Date des départs en congé

Article 504

a) L'ordre des départs en congé est fixé par l'employeur, en liaison avec les intéressés, après avis, en cas de difficulté, des délégués du personnel, compte tenu des nécessités du service, de la situation de famille et de l'ancienneté des bénéficiaires.

b) Communication de la date du départ en congé sera faite à chaque intéressé au moins 2 mois avant celle-ci.

c) Les conjoints travaillant dans une même entreprise ont droit à un congé simultané.

Fractionnement du congé

Article 505

Le congé ne dépassant pas 12 jours ouvrables doit être continu. Le congé d'une durée supérieure à 12 jours ouvrables peut être fractionné d'un commun accord entre l'employeur et le salarié, l'une des fractions devant être au moins égale à 12 jours ouvrables compris entre 2 jours de repos hebdomadaire.

Rappel pendant le congé

Article 506

a) Le rappel pendant les congés ne peut avoir qu'un caractère exceptionnel.

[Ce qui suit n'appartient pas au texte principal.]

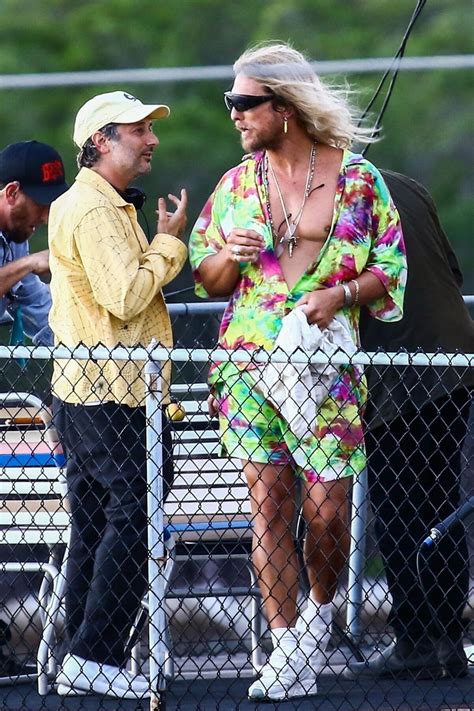 Photo Matthew Mcconaughey S Amuse Sur Le Tournage De The Beach Bum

Au cas où un employeur se trouverait dans l'obligation de rappeler un salarié durant son congé, il sera accordé à l'intéressé, en compensation de l'incommodité en résultant, 2 jours ouvrables supplémentaires de congés payés.

b) Il lui sera, en outre, versé pour chaque jour pendant lequel il ne pourra, du fait même de la cause de son rappel, bénéficier de son congé pendant la période initialement prévue, une indemnité calculée suivant les modalités stipulées par la présente convention en matière de frais de déplacement.

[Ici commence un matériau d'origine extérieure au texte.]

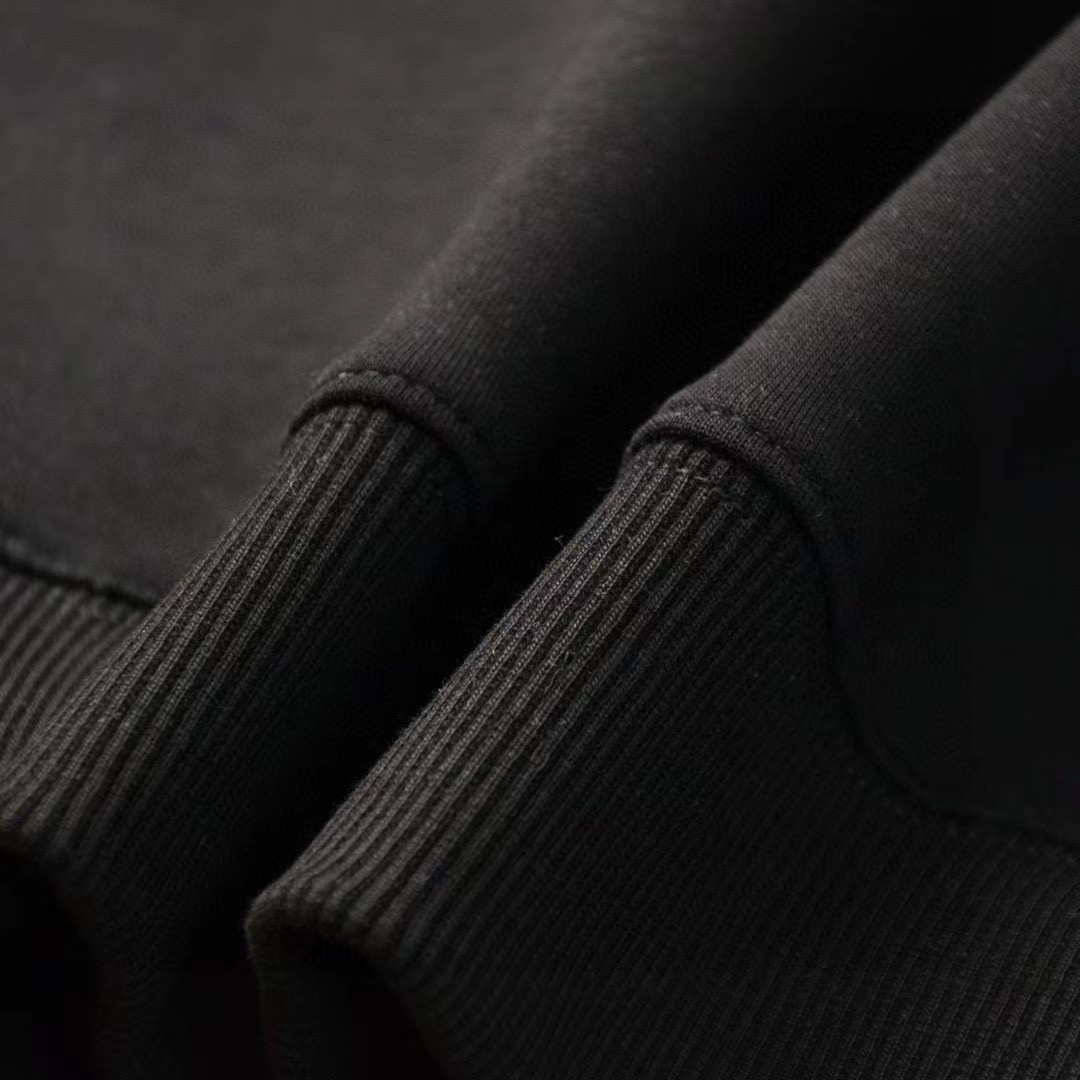 BURBERRY 巴宝莉印花圆领毛圈卫衣 4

c) Si le salarié séjourne, au moment de son rappel, dans une localité autre que celle de son domicile, la durée de son voyage aller et retour sera ajoutée à celle de son congé et les frais y afférents lui seront remboursés.

Fermeture d'établissement

Article 507


Au cas où l'employeur aurait l'intention de faire coïncider le congé payé et la fermeture de tout ou partie de l'établissement, le comité d'établissement (ou, à défaut, les délégués du personnel) serait consulté avant toute décision.

Indemnité de congé payé

Article 508

a) L'indemnité afférente au congé déterminé sur la base de 2 jours et demi ouvrables par mois de travail effectif est égale à 1/10 de la rémunération totale perçue par l'intéressé pendant la période prise en considération pour l'appréciation de son droit au congé. Pour les congés d'une durée supérieure, l'indemnité est déterminée conformément à cette règle et proportionnellement à la durée effective du congé.

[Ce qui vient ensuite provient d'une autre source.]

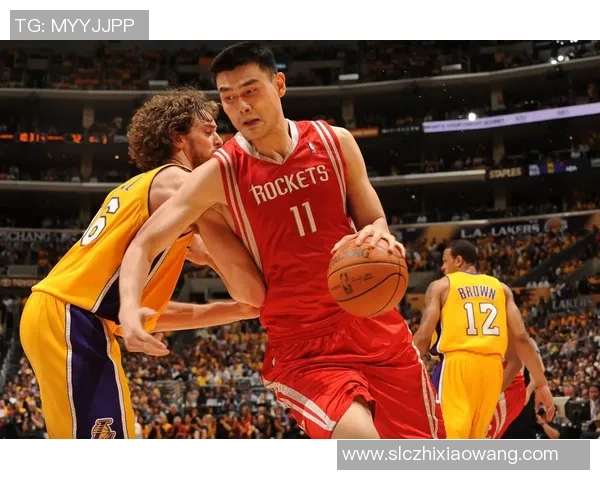 篮球明星向足球明星求助借鞋的奇妙故事与友谊的传递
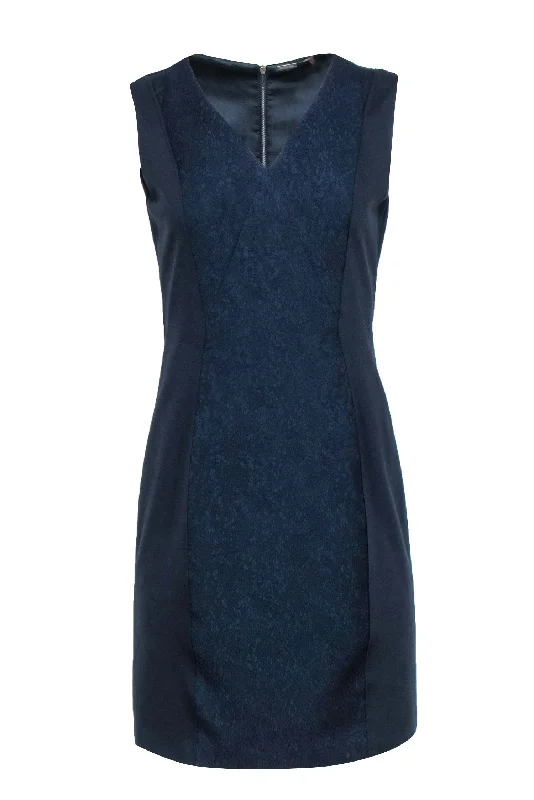 Elie Tahari - Navy Textured Sleeveless Sheath Dress Sz 4 Fashionable unclassified dresses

b) L'intéressé ne pourra recevoir une indemnité inférieure à la rémunération qu'il aurait perçue s'il avait continué à travailler pendant la période de son congé suivant la durée du travail effectif de l'établissement, service ou atelier, sans qu'il soit tenu compte des dépassements d'horaire résultant des congés d'une partie du personnel.

c) En tout état de cause, la durée du travail prise en considération ne pourra être inférieure à celle qui résulte de l'horaire normal de travail de l'établissement, service ou atelier, en vigueur à la date d'ouverture de la période normale des congés.

Maladie ou décès pendant les congés payés

Article 509


a) Tout salarié qui, à raison d'une absence pour maladie, n'aurait pu prendre son congé payé bénéficiera de celui-ci après la reprise de son travail.

b) En cas de résiliation du contrat de travail le droit au congé restera acquis. Il se traduira par le versement de l'indemnité compensatrice à l'intéressé ou, en cas de décès, aux ayants droit.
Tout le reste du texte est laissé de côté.